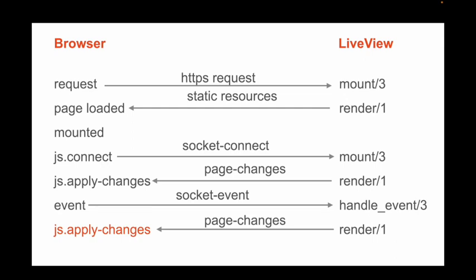So remember, we have these two blocks of events. The things that happen before we're connected, where I get the request, where the trigger's the mount, and then we render, and then it sends back static pages. That looks a whole lot like a traditional request-response website, and in fact, it is.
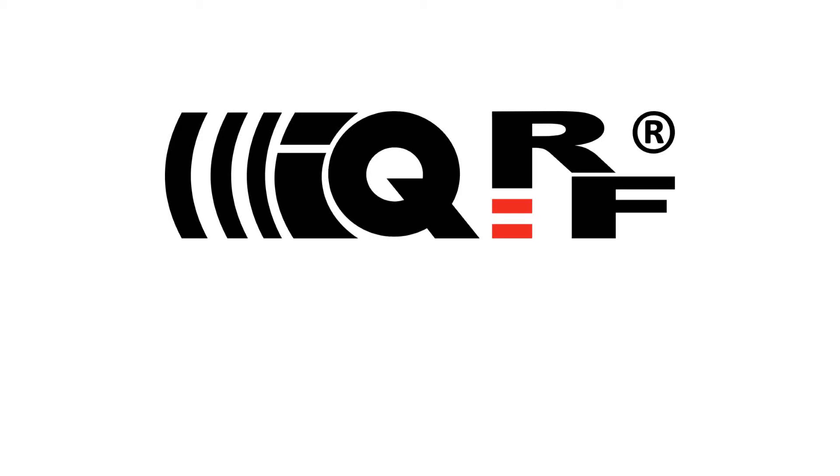Hi, this is Simon with IQRF. Based on the previous videos you should have your development set ready and the IQRF IDE installed.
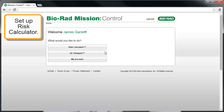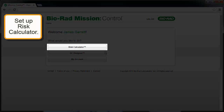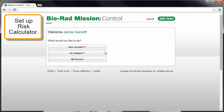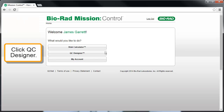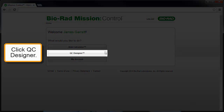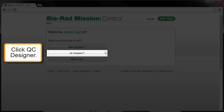The use of QC Designer requires that you have already set up the instrument and tests in Risk Calculator. We recommend that you view our Risk Calculator video if you need more information. After Risk Calculator setup is complete, click on the QC Designer button.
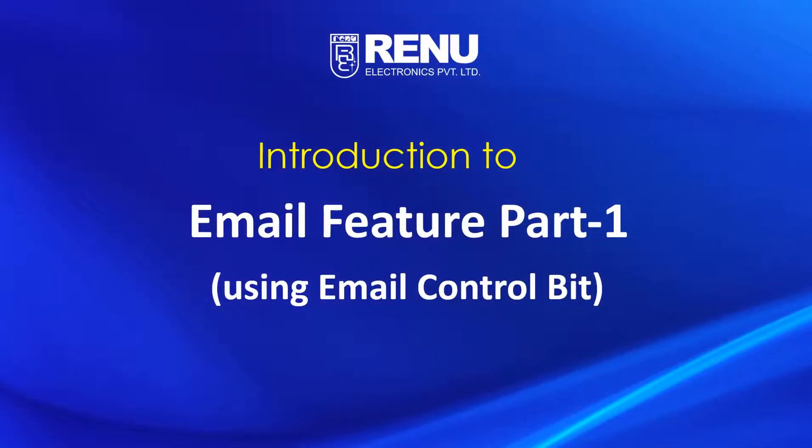Hello and welcome. In this video, we will see how to configure email feature by using email control bit.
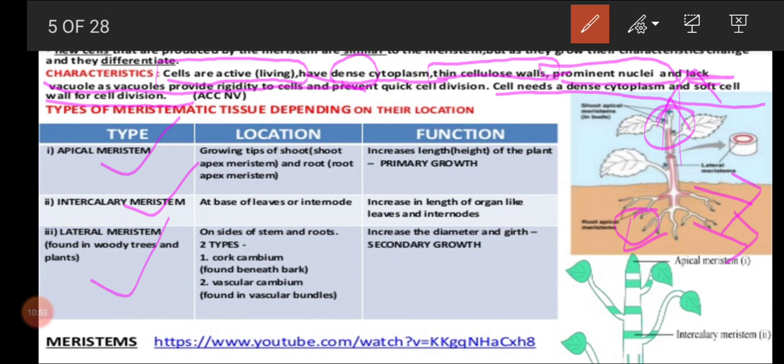The second type is intercalary meristem. From the name we can guess — inter means between, so it is present between two regions. For example, intercalary meristem is present between two leaves. In other words, intercalary meristems are present in the internodal region. What is internodal? It is the region between two nodes. This is one node, and this is another node, so the region between two nodes is called the internode.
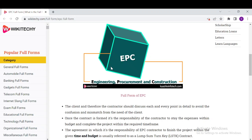EPC stands for Engineering, Procurement, and Construction. It is a common form of contract in the construction industry. The contract is formed between the contractor and the client, and it covers all details about the development project — like designs of the project, procurement of materials, and the labor and equipment required.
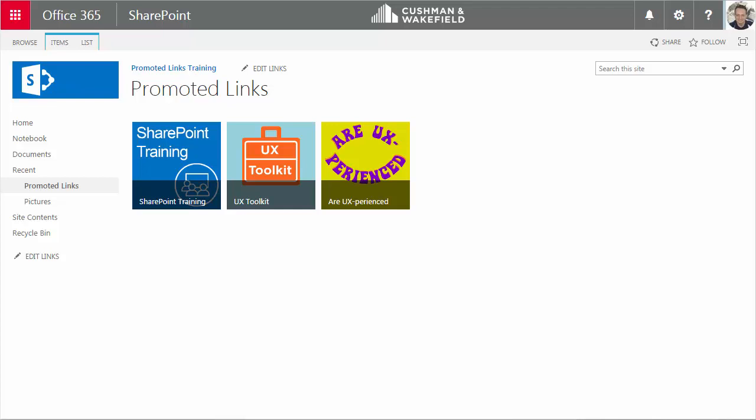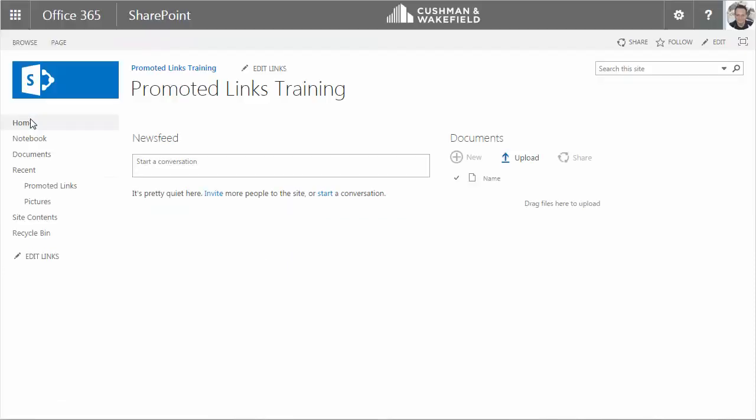In the previous videos, I showed you how to add a picture library and configure a Promoted Links app to a SharePoint site. Here it is. Let me make it clear where I am on this site right now. I'm going to navigate home, and here's the homepage of my site.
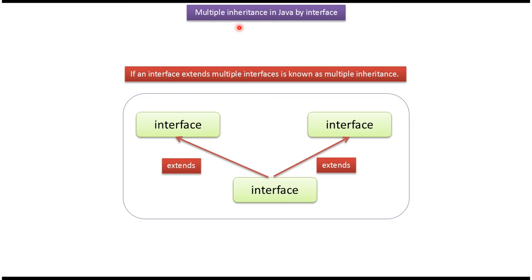Hi, this video tutorial I will cover multiple inheritance. If an interface extends multiple interfaces, then it is called multiple inheritance.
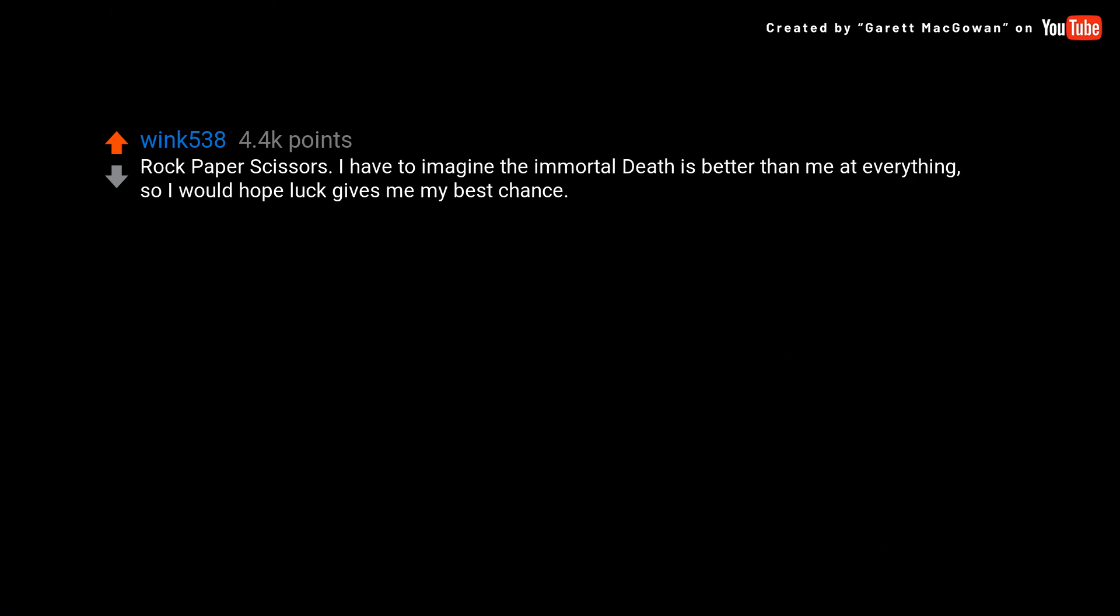I have to imagine the immortal death is better than me at everything, so I would hope luck gives me my best chance.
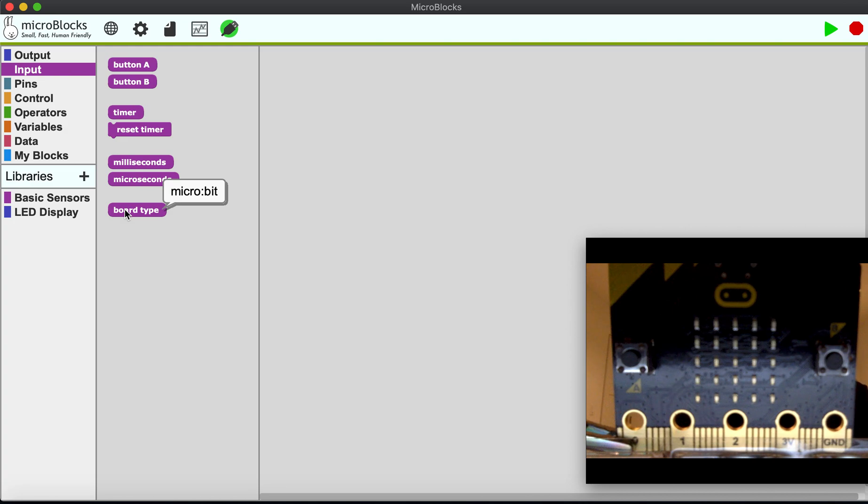It's a micro:bit, and the most important thing is right up here, this little USB plug has turned green. That means I'm ready to rock and roll.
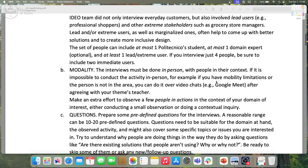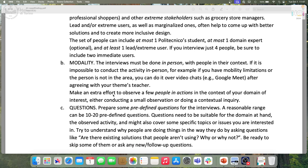Regarding modality, interviews must be done in person with people in their context. Not online — if it is really impossible to conduct the interview in person, you can do it over video/chat, but again only after agreeing and explaining why it is impossible to do in person. Context is important for interviews, especially if you do an observation. Make an extra effort to observe a few people in action — one or two of those four minimum — doing a small observation or a contextual inquiry instead of just an interview.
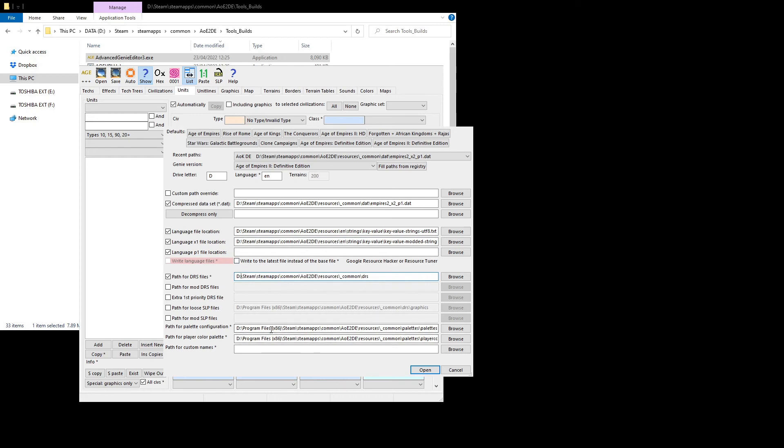It might also be because you don't have these palette configuration files selected. I don't know if that can cause the crash, but they won't be selected if you use an older version, because this wasn't an option back then.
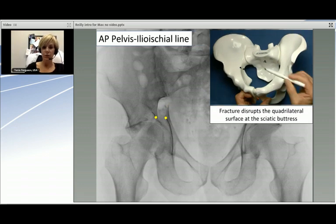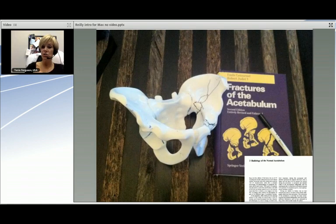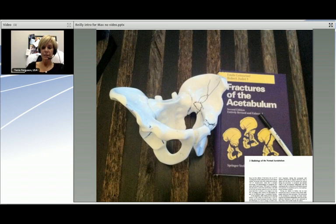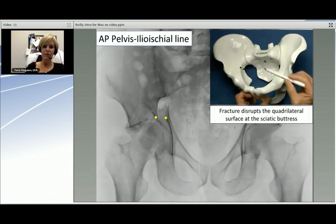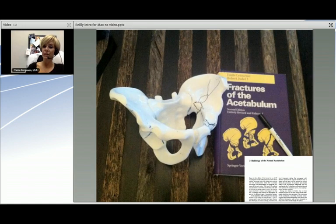Moving on to the ilio-ischial line, a representation of the quadrilateral surface, we'll be able to take the seen injury on the radiographs and apply that to our three-dimensional model. Dr. Riley is going to take about 35 to 40 minutes to take this fairly complicated radiograph and translate all of the films — not only the AP pelvis, but the obturator and iliac oblique — and learn to use the CT scan to confirm what we've already drawn and better understand the articular injury.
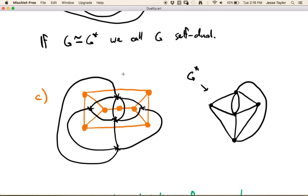It's worth commenting that whenever you use this process you should end up with another planar embedding — G-dual shouldn't have any edge crossings. If I take the dual of this graph I should get right back to my original. So if I take the dual and then take the dual again, I should just get this back. These two graphs have a unique relationship: there's only one dual graph for the orange graph and it's the black one, and vice versa.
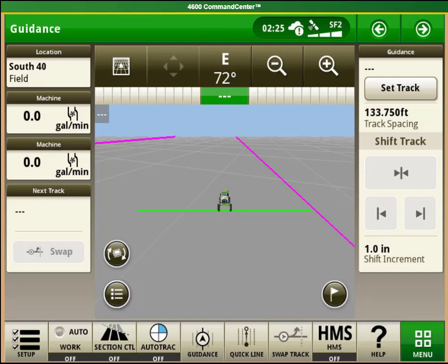My name is Michael Eliason from Western Sales. I am going to show you how to create an adaptive curve track line on your John Deere Gen 4 display.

# # # # # # #

Problem requirements: Here the job is to print all the data exactly, skipping any image.

Your solution:
So remember, we have these two blocks of events. The things that happen before we're connected, where I get the request, where the trigger's the mount, and then we render, and then it sends back static pages. That looks a whole lot like a traditional request-response website, and in fact, it is.
Hi, this is Simon with IQRF. Based on the previous videos you should have your development set ready and the IQRF IDE installed.
The use of QC Designer requires that you have already set up the instrument and tests in Risk Calculator. We recommend that you view our Risk Calculator video if you need more information. After Risk Calculator setup is complete, click on the QC Designer button.
Hello and welcome. In this video, we will see how to configure email feature by using email control bit.
The second type is intercalary meristem. From the name we can guess — inter means between, so it is present between two regions. For example, intercalary meristem is present between two leaves. In other words, intercalary meristems are present in the internodal region. What is internodal? It is the region between two nodes. This is one node, and this is another node, so the region between two nodes is called the internode.
EPC stands for Engineering, Procurement, and Construction. It is a common form of contract in the construction industry. The contract is formed between the contractor and the client, and it covers all details about the development project — like designs of the project, procurement of materials, and the labor and equipment required.
In the previous videos, I showed you how to add a picture library and configure a Promoted Links app to a SharePoint site. Here it is. Let me make it clear where I am on this site right now. I'm going to navigate home, and here's the homepage of my site.
Hi, this video tutorial I will cover multiple inheritance. If an interface extends multiple interfaces, then it is called multiple inheritance.
I have to imagine the immortal death is better than me at everything, so I would hope luck gives me my best chance.
It's a micro:bit, and the most important thing is right up here, this little USB plug has turned green. That means I'm ready to rock and roll.
Regarding modality, interviews must be done in person with people in their context. Not online — if it is really impossible to conduct the interview in person, you can do it over video/chat, but again only after agreeing and explaining why it is impossible to do in person. Context is important for interviews, especially if you do an observation. Make an extra effort to observe a few people in action — one or two of those four minimum — doing a small observation or a contextual inquiry instead of just an interview.
It might also be because you don't have these palette configuration files selected. I don't know if that can cause the crash, but they won't be selected if you use an older version, because this wasn't an option back then.
Moving on to the ilio-ischial line, a representation of the quadrilateral surface, we'll be able to take the seen injury on the radiographs and apply that to our three-dimensional model. Dr. Riley is going to take about 35 to 40 minutes to take this fairly complicated radiograph and translate all of the films — not only the AP pelvis, but the obturator and iliac oblique — and learn to use the CT scan to confirm what we've already drawn and better understand the articular injury.
It's worth commenting that whenever you use this process you should end up with another planar embedding — G-dual shouldn't have any edge crossings. If I take the dual of this graph I should get right back to my original. So if I take the dual and then take the dual again, I should just get this back. These two graphs have a unique relationship: there's only one dual graph for the orange graph and it's the black one, and vice versa.
My name is Michael Eliason from Western Sales. I am going to show you how to create an adaptive curve track line on your John Deere Gen 4 display.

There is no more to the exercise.